> SOURCE DATA
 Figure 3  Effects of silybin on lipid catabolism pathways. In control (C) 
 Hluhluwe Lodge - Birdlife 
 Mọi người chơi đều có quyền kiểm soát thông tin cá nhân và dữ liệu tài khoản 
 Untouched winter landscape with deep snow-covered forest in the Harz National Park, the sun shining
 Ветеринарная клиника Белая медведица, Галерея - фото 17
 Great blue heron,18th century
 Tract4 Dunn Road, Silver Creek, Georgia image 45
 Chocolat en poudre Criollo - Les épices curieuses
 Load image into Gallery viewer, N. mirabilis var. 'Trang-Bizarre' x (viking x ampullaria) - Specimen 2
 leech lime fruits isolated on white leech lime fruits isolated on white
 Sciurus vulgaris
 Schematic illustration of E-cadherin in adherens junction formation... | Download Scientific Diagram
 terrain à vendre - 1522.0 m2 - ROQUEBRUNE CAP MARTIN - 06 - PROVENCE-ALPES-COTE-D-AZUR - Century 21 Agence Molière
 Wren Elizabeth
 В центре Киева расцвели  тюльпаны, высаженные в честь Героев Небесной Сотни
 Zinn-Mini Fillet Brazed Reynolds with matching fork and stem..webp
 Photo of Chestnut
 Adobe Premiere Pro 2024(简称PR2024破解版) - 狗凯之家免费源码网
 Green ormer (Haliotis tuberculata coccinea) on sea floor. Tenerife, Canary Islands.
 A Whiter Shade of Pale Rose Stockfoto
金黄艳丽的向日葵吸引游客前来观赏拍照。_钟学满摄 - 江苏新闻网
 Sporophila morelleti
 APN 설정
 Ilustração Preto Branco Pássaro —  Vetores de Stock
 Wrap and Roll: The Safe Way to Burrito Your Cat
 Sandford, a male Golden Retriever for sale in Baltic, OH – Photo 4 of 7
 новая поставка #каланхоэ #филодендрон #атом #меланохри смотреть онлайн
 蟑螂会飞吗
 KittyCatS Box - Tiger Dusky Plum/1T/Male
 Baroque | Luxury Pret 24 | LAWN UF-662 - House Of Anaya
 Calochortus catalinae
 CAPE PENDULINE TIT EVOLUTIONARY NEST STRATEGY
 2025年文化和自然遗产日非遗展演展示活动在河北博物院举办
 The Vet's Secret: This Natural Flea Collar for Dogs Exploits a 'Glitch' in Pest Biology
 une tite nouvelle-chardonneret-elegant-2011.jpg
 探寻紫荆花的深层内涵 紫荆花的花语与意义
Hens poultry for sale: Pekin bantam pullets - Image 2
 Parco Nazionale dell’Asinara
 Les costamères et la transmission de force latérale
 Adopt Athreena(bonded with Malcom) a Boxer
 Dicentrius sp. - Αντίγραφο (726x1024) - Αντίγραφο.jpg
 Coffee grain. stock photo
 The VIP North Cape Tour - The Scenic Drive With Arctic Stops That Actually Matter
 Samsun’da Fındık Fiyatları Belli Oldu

> ABOUT THIS TASK
Look above for the line containing "A Whiter Shade of Pale Rose Stockfoto". Output from there through the line containing "Parco Nazionale dell’Asinara", exactly and inclusively.

> ANSWER FOR THE TASK
 A Whiter Shade of Pale Rose Stockfoto
金黄艳丽的向日葵吸引游客前来观赏拍照。_钟学满摄 - 江苏新闻网
 Sporophila morelleti
 APN 설정
 Ilustração Preto Branco Pássaro —  Vetores de Stock
 Wrap and Roll: The Safe Way to Burrito Your Cat
 Sandford, a male Golden Retriever for sale in Baltic, OH – Photo 4 of 7
 новая поставка #каланхоэ #филодендрон #атом #меланохри смотреть онлайн
 蟑螂会飞吗
 KittyCatS Box - Tiger Dusky Plum/1T/Male
 Baroque | Luxury Pret 24 | LAWN UF-662 - House Of Anaya
 Calochortus catalinae
 CAPE PENDULINE TIT EVOLUTIONARY NEST STRATEGY
 2025年文化和自然遗产日非遗展演展示活动在河北博物院举办
 The Vet's Secret: This Natural Flea Collar for Dogs Exploits a 'Glitch' in Pest Biology
 une tite nouvelle-chardonneret-elegant-2011.jpg
 探寻紫荆花的深层内涵 紫荆花的花语与意义
Hens poultry for sale: Pekin bantam pullets - Image 2
 Parco Nazionale dell’Asinara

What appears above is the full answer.